Читать книгу Любовницы Пикассо - - Страница 8

Часть I
7
Сара

Оглавление

Отель «Дюкап» с фасадом выцветшего розового оттенка был большим и неопрятным, особенно теперь, когда его постоянные английские клиенты разъехались на летний сезон. Сад окаймляли пальмы, а огромные кусты алоэ усиливали тропическую атмосферу.

Мы убедили владельца, мсье Антуана Селла, не закрывать заведение. Он так высоко вскинул брови, что они исчезли под кепи у него на голове.

– Как, в июле и августе? В самую жару? – протестующе воскликнул он.

– Да, – настаивал Джеральд. – Пусть гостиница будет открыта в жару.

Банковский чек на сумму, превышавшую стоимость номеров даже в разгар сезона, быстро решил вопрос.

– Но как быть с персоналом? – выдвинул свой последний аргумент мсье. – Большинство сотрудников летом разъезжаются по домам…

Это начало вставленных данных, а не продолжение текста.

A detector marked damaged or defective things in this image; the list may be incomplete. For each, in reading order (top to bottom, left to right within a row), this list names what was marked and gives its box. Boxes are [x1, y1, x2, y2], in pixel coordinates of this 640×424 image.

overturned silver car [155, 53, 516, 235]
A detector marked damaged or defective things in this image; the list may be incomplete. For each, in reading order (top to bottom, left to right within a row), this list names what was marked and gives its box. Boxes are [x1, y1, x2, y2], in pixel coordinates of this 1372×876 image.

– Нам понадобятся только повар и горничная, – заверила я. – О стирке мы договоримся в поселке, а за детьми будет присматривать няня.

– О-ла-ла! – Селла прижал кулаки к глазам, как будто собирался расплакаться от досады. – Ничего не получится.

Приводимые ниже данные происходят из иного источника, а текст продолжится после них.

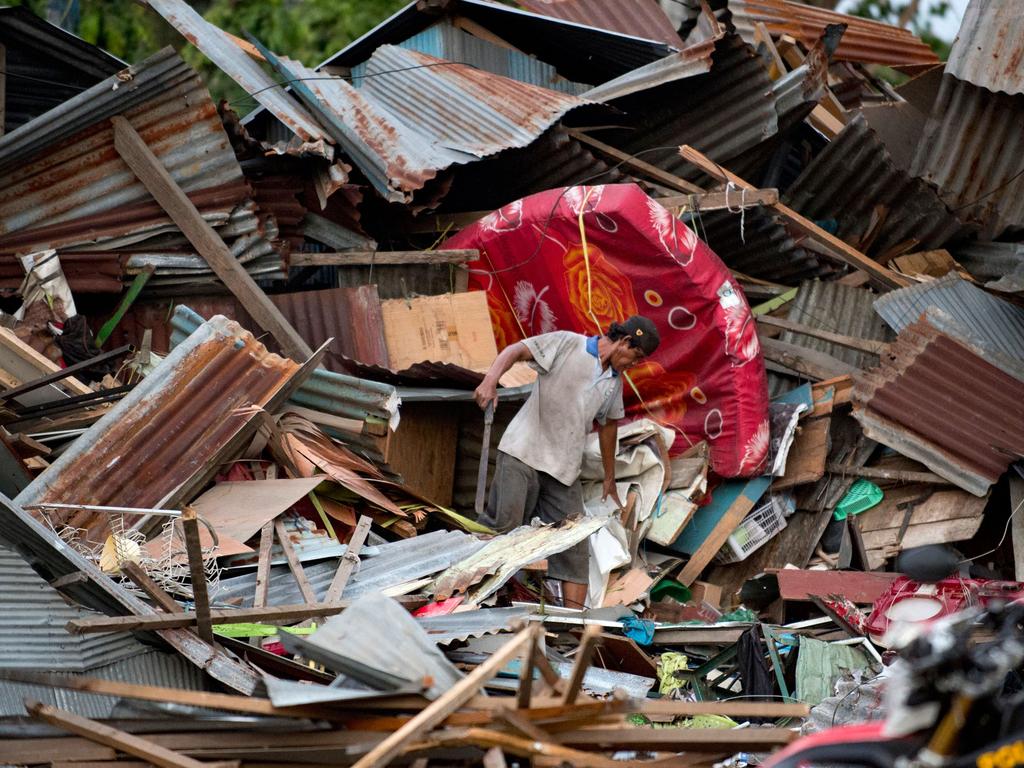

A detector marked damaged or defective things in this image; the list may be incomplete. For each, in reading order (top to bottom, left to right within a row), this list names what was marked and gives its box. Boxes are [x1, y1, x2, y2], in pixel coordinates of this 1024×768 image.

rusty corrugated metal sheet [0, 49, 250, 257]
broken wood plank [111, 115, 311, 362]
rusty corrugated metal sheet [146, 0, 329, 154]
broken wood plank [290, 250, 477, 268]
rusty corrugated metal sheet [256, 42, 593, 201]
rusty corrugated metal sheet [516, 0, 684, 48]
broken wood plank [684, 143, 909, 288]
rusty corrugated metal sheet [729, 0, 937, 68]
rusty corrugated metal sheet [782, 114, 966, 257]
rusty corrugated metal sheet [909, 74, 1024, 240]
shattered roof [942, 0, 1024, 96]
rusty corrugated metal sheet [942, 0, 1024, 97]
rusty corrugated metal sheet [270, 286, 389, 374]
broken wood plank [753, 313, 888, 356]
rusty corrugated metal sheet [17, 313, 299, 540]
rusty corrugated metal sheet [851, 309, 1024, 495]
broken wood plank [122, 561, 181, 614]
broken wood plank [181, 512, 212, 643]
broken wood plank [66, 598, 423, 634]
broken wood plank [274, 518, 317, 606]
broken wood plank [323, 518, 372, 606]
broken wood plank [27, 700, 209, 768]
broken wood plank [350, 630, 532, 768]
broken wood plank [561, 626, 598, 708]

Но он сворачивал и разворачивал чек, полученный от Джеральда. В итоге алчность победила.

– Ладно, я кого-нибудь найду. Но я не могу просить повара драить полы и ванны.

– Это наша забота, – пообещала я. – Мы тоже кого-нибудь найдем.

Вскоре мы с Джеральдом создали в гостинице маленький мир, наполненный светом и теплом, с послеполуденными сиестами, тихими беседами на крыльце по вечерам, ароматом дикого тимьяна и лаванды, разлитым в воздухе. Мы снова завели привычку держаться за руки, от которой отказались в Париже, где люди ходили слишком быстро и были вечно заняты.

Утром после овсянки и зарядки на пляже Джеральд с детьми устраивали комичную серию вольных упражнений, за которыми я наблюдала из шезлонга, считая себя счастливейшей женщиной в мире. Во второй половине дня няня уводила детей помыться и поспать, Джеральд работал над набросками для новых балетных декораций, а я изучала окрестности, разъезжая на поездах и автобусах, а иногда проходя пешком целые мили, чтобы увидеть замок Гримальди, прогуляться по крошечным серым улочкам Ванса с их средневековыми арочными контрфорсами и полюбоваться готической церковью Ле-Бар-сюр-Лу с ее росписями, изображавшими пляску смерти.

Когда мы приехали, маленький пляж возле гостиницы был покрыт толстым слоем водорослей. Люди в Антибе не купались в океане – так зачем было чистить его? Но Джеральд хотел иметь пляж для нас, поэтому стал работать граблями, убирая мусор и водоросли, и вскоре у нас появилась полоска чистого мягкого песка для пляжных полотенец и детских игр.

Ночью, после очередного дня солнца и океана, музыки волн и смеха моих уже загорелых детей, я лежала рядом с Джеральдом, слушая его ровное дыхание и редкое бормотание спящих детей. Ощущение ранее невиданного довольства окутывало меня, словно мягкое одеяло. «Пусть это продлится», – молилась я.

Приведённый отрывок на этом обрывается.